--- WHAT IS REQUIRED ---
Transcribe every entry word for word, leaving out all images.

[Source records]
○ ○ ○ ○

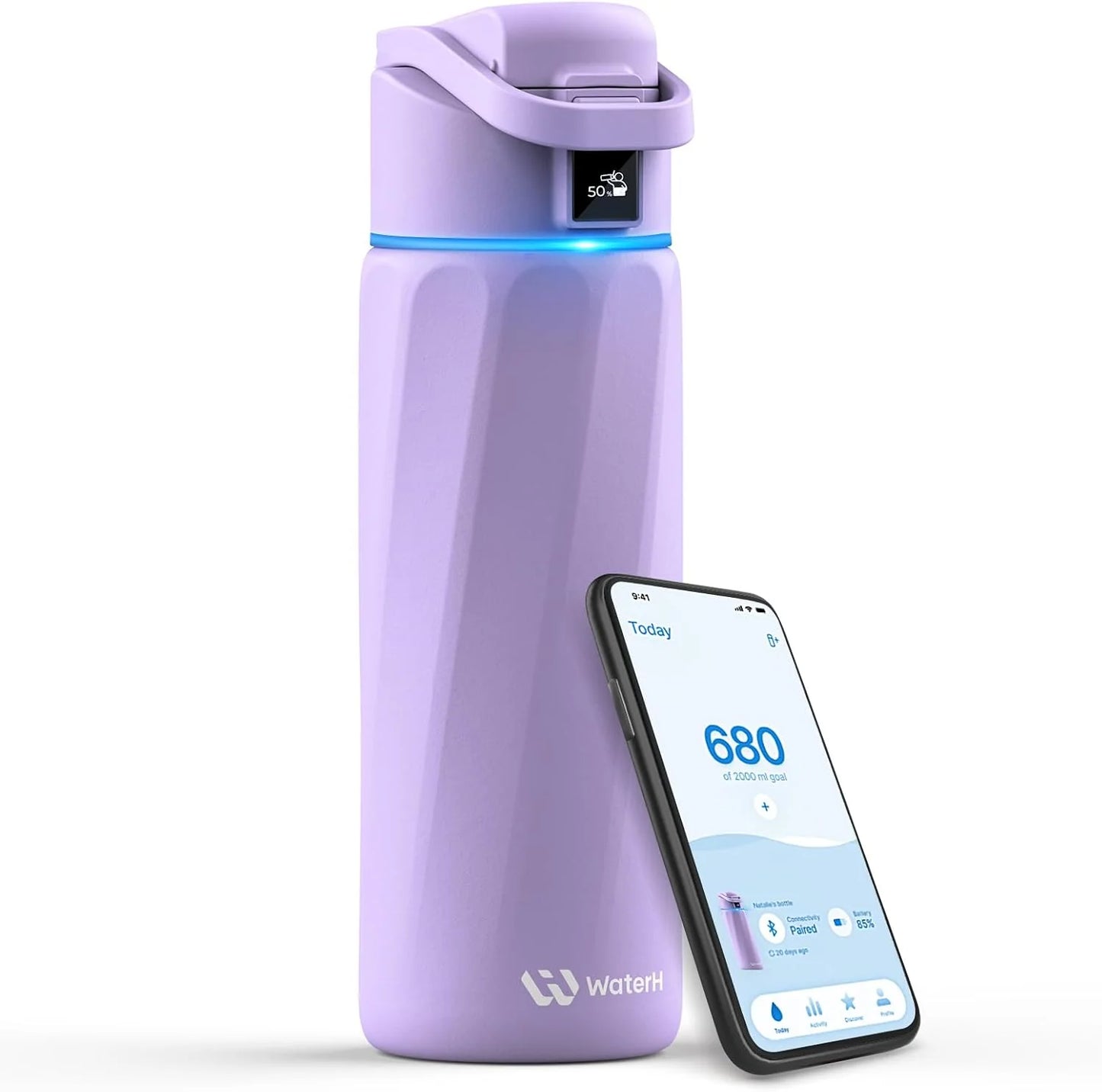 Waterh Boost Smart Hydration Bottle: 32 Oz Tracker with App Integration and Insulation
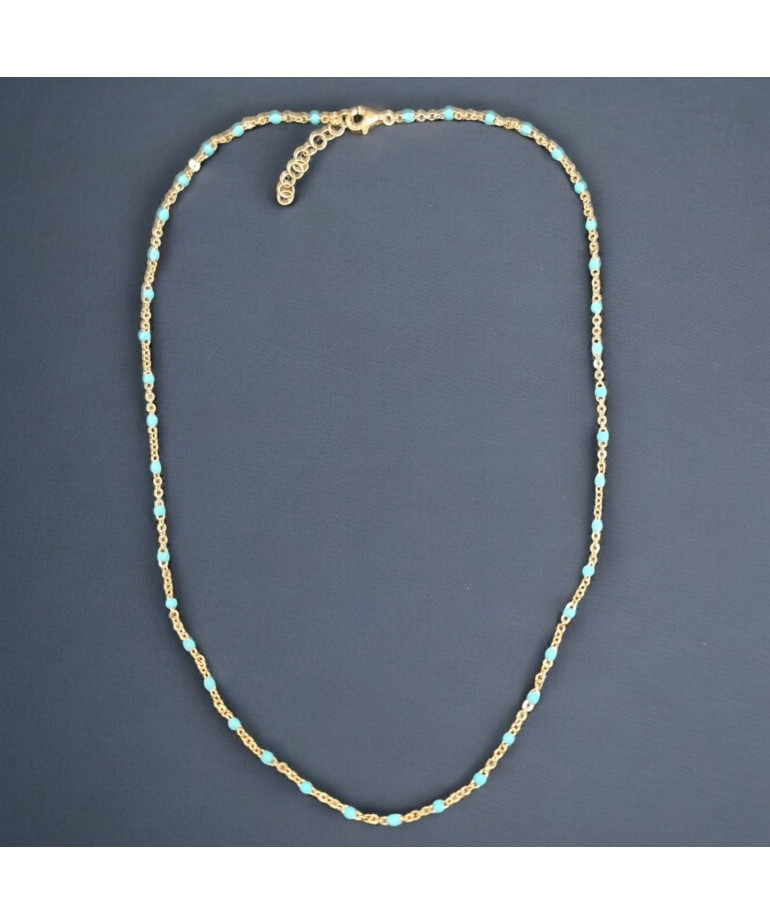 Collier Turquoise Plaqué or (s)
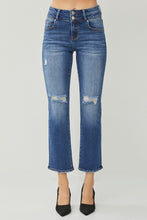 Load image into Gallery viewer, Risen Dark High Rise Ankle Jean
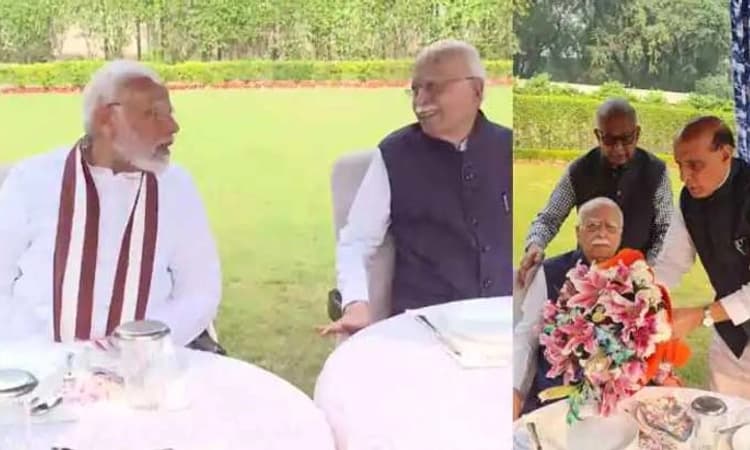 95ನೇ ಹುಟ್ಟುಹಬ್ಬ:ಎಲ್.ಕೆ.ಅಡ್ವಾಣಿ ನಿವಾಸಕ್ಕೆ ತೆರಳಿ ಶುಭಾಶಯ ಕೋರಿದ ಪ್ರಧಾನಿ ಮೋದಿ, ಸಿಂಗ್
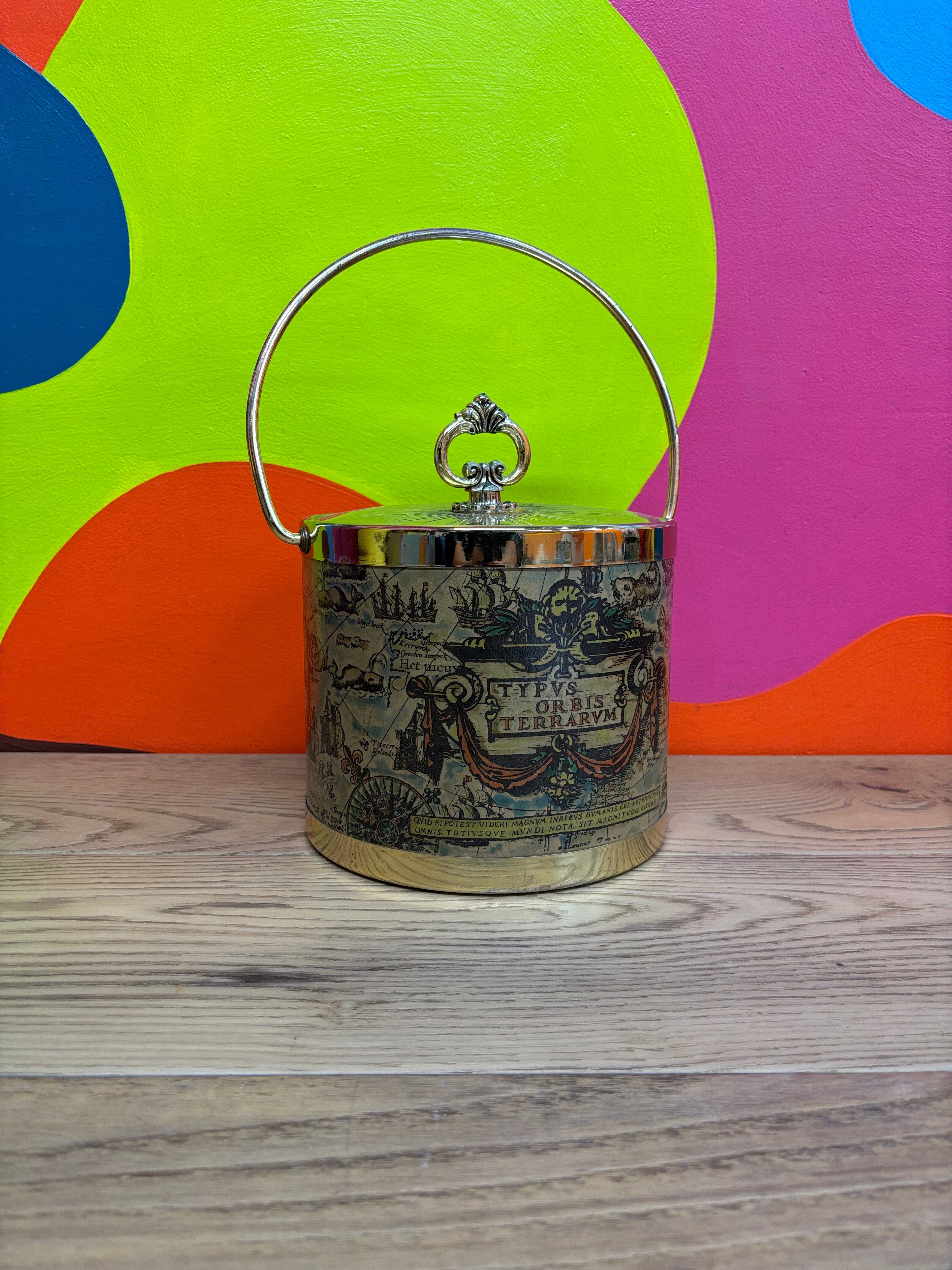 World Map Ice Bucket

○ ○ ○ ○

--- OUTPUT OF THE EXERCISE ---
 Waterh Boost Smart Hydration Bottle: 32 Oz Tracker with App Integration and Insulation
 Collier Turquoise Plaqué or (s)
 Load image into Gallery viewer, Risen Dark High Rise Ankle Jean
 95ನೇ ಹುಟ್ಟುಹಬ್ಬ:ಎಲ್.ಕೆ.ಅಡ್ವಾಣಿ ನಿವಾಸಕ್ಕೆ ತೆರಳಿ ಶುಭಾಶಯ ಕೋರಿದ ಪ್ರಧಾನಿ ಮೋದಿ, ಸಿಂಗ್
 World Map Ice Bucket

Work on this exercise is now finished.